Morty passò davanti ai soldati della guardia notturna, il cui compito sembrava consistere nel suonare campane e gridare il nome della Principessa, anche se lo facevano con una certa qual incertezza, visto che lo ricordavano con fatica. Lui li ignorò, in quanto stava ad ascoltare alcune voci nella sua testa che gli dicevano:

"Lei ti ha incontrato soltanto una volta, pazzo. Perché dovrebbe interessarsi di te?"

"Già, però io le ho salvato la vita…"

"Questo significa che essa appartiene a lei. Non a te. Inoltre, lui è un mago."

"E allora? I maghi non sarebbero tenuti a… a uscire con le ragazze, sono dediti al celebrato."

"Celebrato?"

"Non sono tenuti a fare sai-quel-che-intendo…"

"Cosa, proprio mai sai-quel-che-intendo?" disse la voce interna e suonava come se stesse ridacchiando.

"Si dice che faccia male alla magia" pensò Morty amaramente.

"Che buffo posto per tenere la magia."

Morty era sconcertato. "Chi sei?" chiese.

"Io sono te, Morty. Il tuo io interno."

"Benissimo, vorrei che tu ti levassi dalla mia testa, è già sufficientemente affollata con me."

"Abbastanza" disse la voce "stavo soltanto cercando di esserti di aiuto. Ma ricordati, se dovessi mai avere bisogno di te, tu sarai sempre nei paraggi."

La voce si dissolse.

"Bene" pensò tristemente Morty "dovevo proprio essere io. Sono l’unica persona che mi chiama Morty."
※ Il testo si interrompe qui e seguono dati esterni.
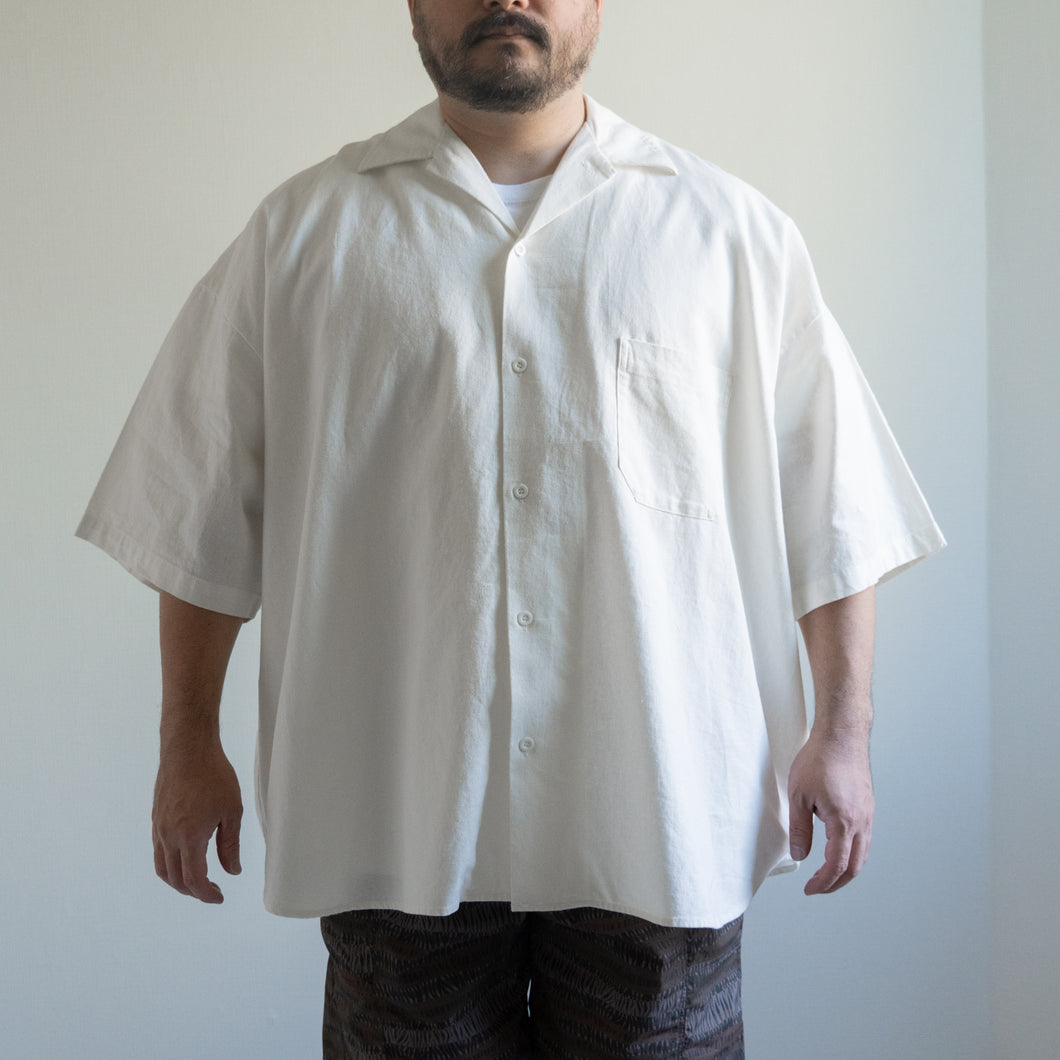 Cotton Linen Slab H/S Big Shirt -White-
Il colpo provocato da questa rivelazione, fece quasi passare inosservato il fatto che, mentre Morty era stato impegnato nel monologo, aveva cavalcato attraverso le porte del palazzo. Ovviamente le persone cavalcavano attraverso le porte del palazzo ogni giorno, ma la maggior parte di esse aveva bisogno che esse fossero state prima aperte.

Le guardie che si trovavano dall’altra parte si erano irrigidite per il terrore, in quanto avevano pensato di avere visto un fantasma. Probabilmente sarebbero rimaste anche più terrorizzate se avessero saputo che quello che avevano visto era tutto meno che un fantasma.

Anche la guardia posta all’esterno delle porte della grande sala aveva visto tutto, ma aveva avuto il tempo per recuperare una parte della sua presenza di spirito, o quel poco che ne era rimasta, e per sollevare la lancia mentre Binky trottava attraverso il cortile.

«Alt!» gracchiò. «Alt. Chi va là?»

Morty lo vide per la prima volta.

«Cosa?» disse, ancora perso nei propri pensieri.

La guardia si passò la lingua sulle labbra aride e indietreggiò. Morty scivolò giù dalla sella e cominciò ad avanzare.

«Volevo dire, che succede qui?» provò a dire di nuovo la guardia, con un misto di cocciutaggine e stupidità suicida che lo segnalava per una prossima promozione.

Morty afferrò con delicatezza la lancia e la scansò dall’arco della porta. Mentre così faceva, la luce della torcia gli illuminò il volto.